Strawberries were one of the first plants I was given to start in the garden, not long after we moved into our home. I’ve found they are just about the most hardy and reliable plant in the garden, and the only challenge is beating all of the birds and bugs to the fruit.

Strawberry Diary


A couple of moths after moving in, Mandy sent me my first strawberry plant, from her own garden. I planted it in a pot and hoped for the best. I read a lot about caring for strawberries, and how they’d send out runners that could be anchored into the soil to produce new plants, so we enjoyed a few strawberries but mostly let Nature do her thing and create us some new plants.


We grew four plants in total this year. The initial plant from Mandy, plus the three plants that were produced from its runners, which I potted up into a planter.

This year we achieved the first truly bright shiny strawberries bursting with freshness that I have ever seen in my life. Nothing in the supermarket compares to the shine of a strawberry picked at exactly the right moment, I am convinced of it.

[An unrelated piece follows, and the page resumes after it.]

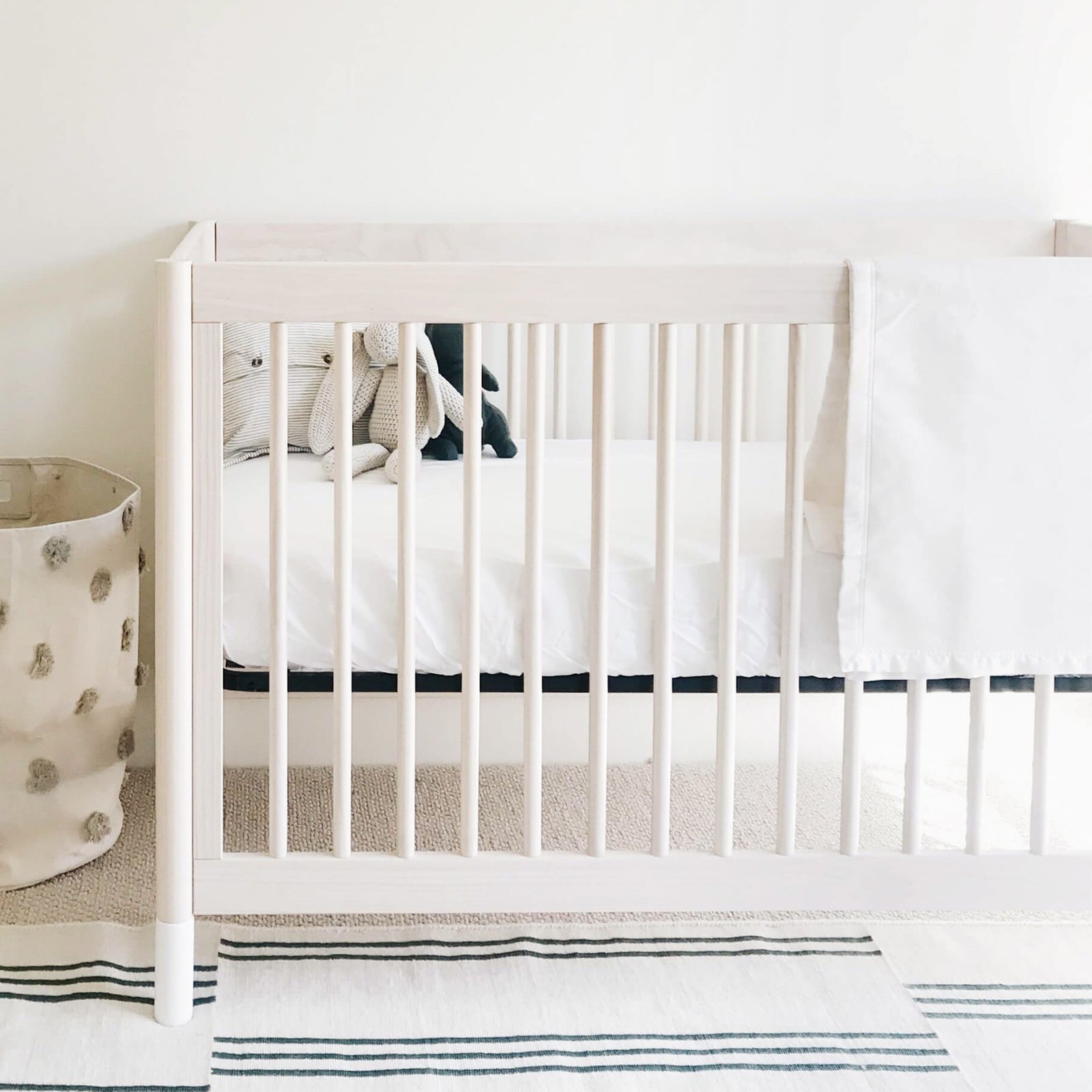 White crib with baby blanket draped over the side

Now of my main goals for the garden this year was to produce enough strawberries to make a pot of jam. I had won a metal raised bed on Instagram, and decided to make it my strawberry bed, hoping the strawberry plants would have room to increase inside when they were not confined to a pot. I ordered twenty ‘Elsanta’ strawberry plants from Plants Direct, which worked out to 50p for each plant. They arrived covered in mud and looking scrawny in their bare root form, and I didn’t think they were going to grow particularly well, but they produced amazingly, and I ended up with about 5kg of strawberries and enough jam to last us well over a year.


We are overhauling the strawberry bed. Last year’s jam experiment was fantastic, but the plants have spread incredibly quickly in the deep bed as they grew so fast and beautifully that I couldn’t see the runners that all made a bid for life.

February, Week 1

We have thinned out the strawberry plants, reducing the number by about two thirds. I have kept the 18 strongest plants from various ‘generations’ of strawberry plant that have been in the garden for the last three years. Some older and bigger, some newer and smaller, but all looked healthy and strong.

The other 40+ plants have been put aside. I will put the largest one of them, the grandaddy plant, into a pot of its own. A few are going to live with Ma and the rest will be put outside in case any friend or neighbour would find them useful.

I’ve planted the Strawberries further apart, in a much more regimented placement with plenty of room between the two rows. At the very back of the deep metal bed I am going to plant four asparagus, which are supposed to be a good companion plant to strawberries.